_PROBLEM TO WORK ON:_ Pictures do not belong in the copy. Write out exactly the lines from the one containing "Emerald muscle car" through the end of the data.

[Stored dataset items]
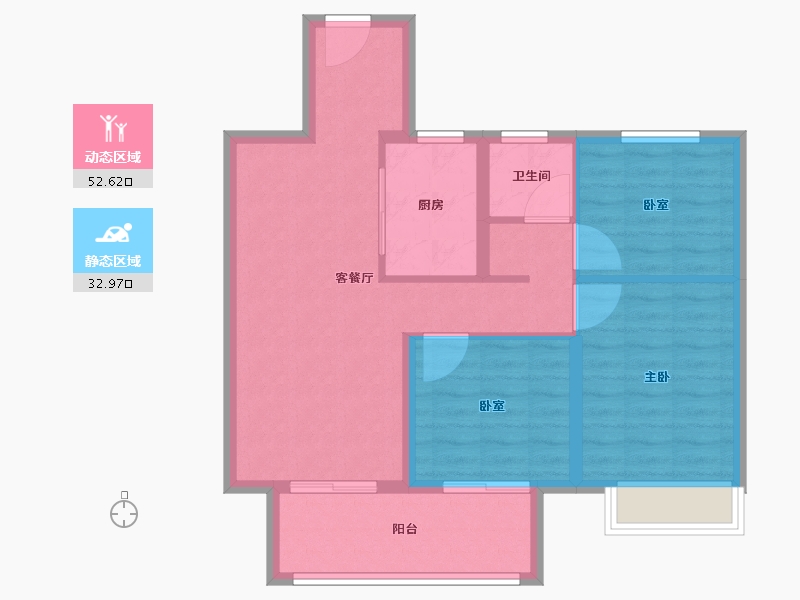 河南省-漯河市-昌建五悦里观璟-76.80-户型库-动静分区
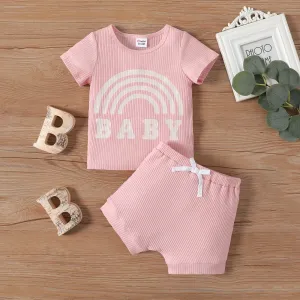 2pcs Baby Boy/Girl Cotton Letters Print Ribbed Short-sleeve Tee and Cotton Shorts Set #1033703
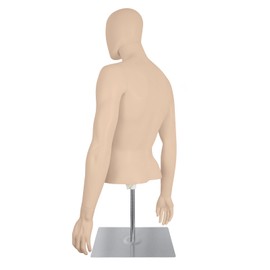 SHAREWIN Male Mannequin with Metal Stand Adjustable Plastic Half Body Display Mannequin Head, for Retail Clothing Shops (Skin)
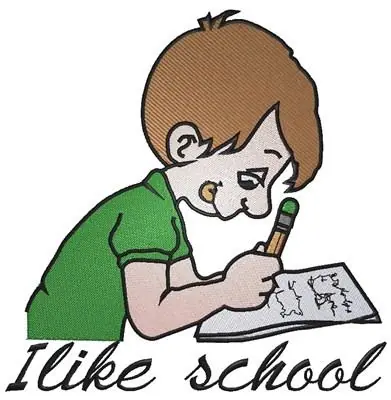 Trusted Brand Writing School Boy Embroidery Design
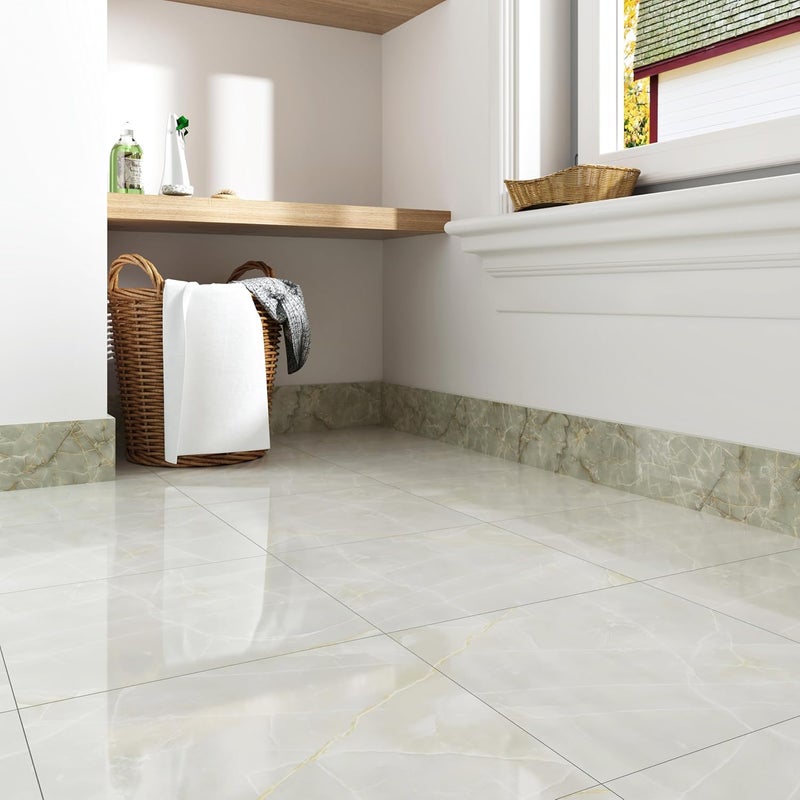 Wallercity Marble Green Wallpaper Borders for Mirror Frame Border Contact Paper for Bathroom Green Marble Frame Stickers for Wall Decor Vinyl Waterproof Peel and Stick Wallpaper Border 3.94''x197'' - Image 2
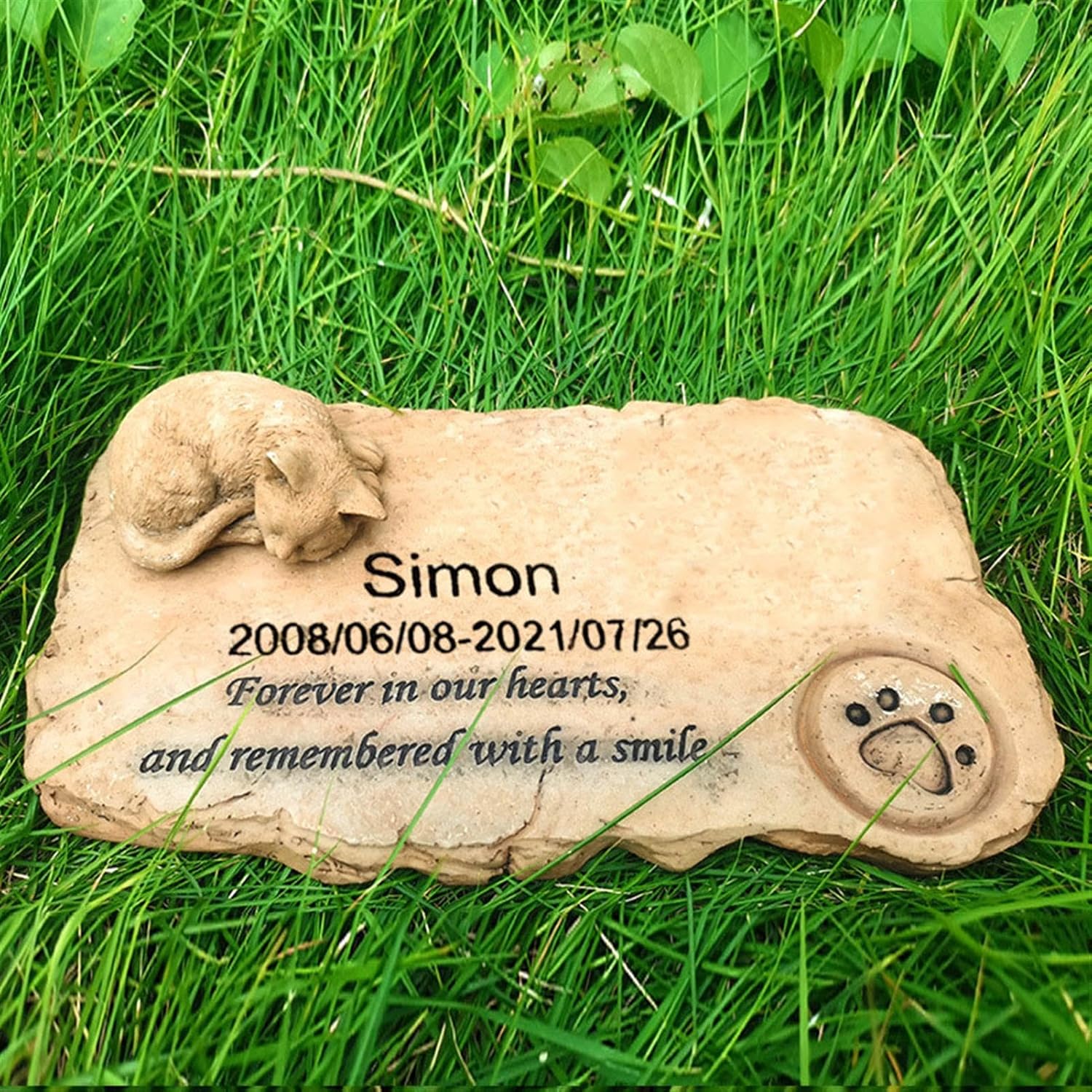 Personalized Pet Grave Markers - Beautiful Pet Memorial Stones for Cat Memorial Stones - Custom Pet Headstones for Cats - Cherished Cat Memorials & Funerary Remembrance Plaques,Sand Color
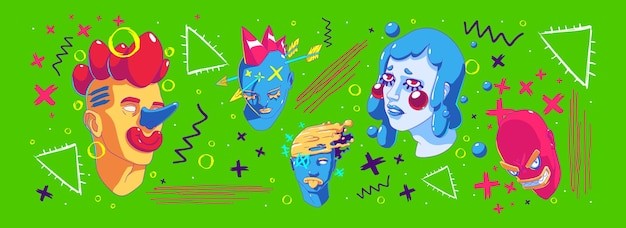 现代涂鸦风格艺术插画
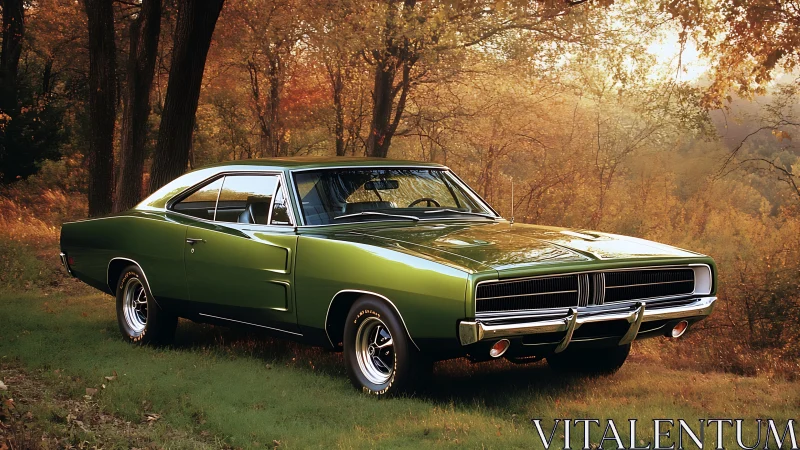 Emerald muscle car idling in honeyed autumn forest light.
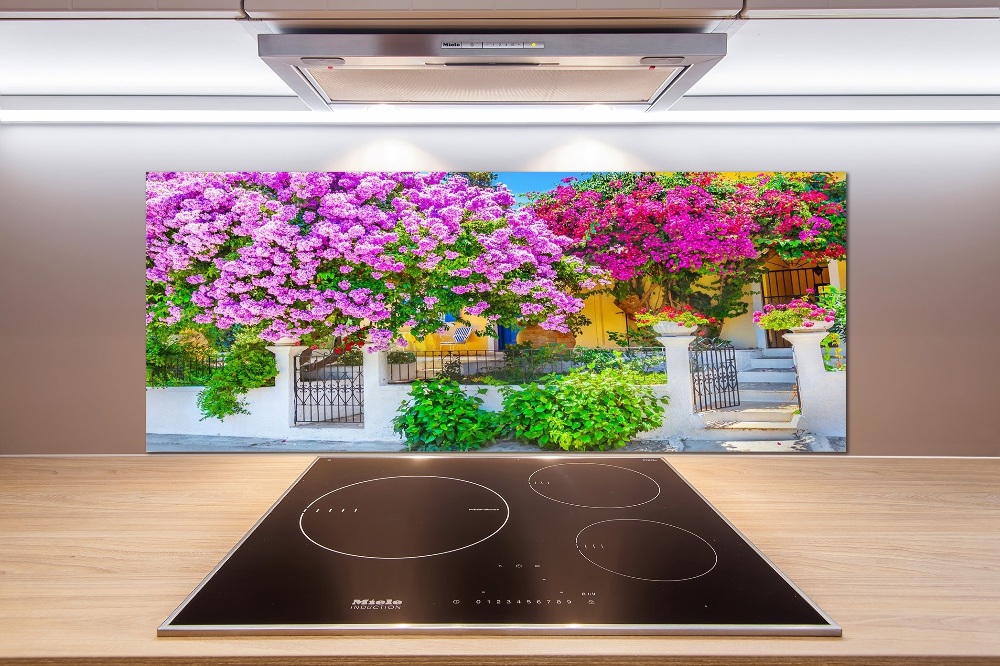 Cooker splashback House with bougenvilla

_ANSWER SECTION:_
 Emerald muscle car idling in honeyed autumn forest light.
 Cooker splashback House with bougenvilla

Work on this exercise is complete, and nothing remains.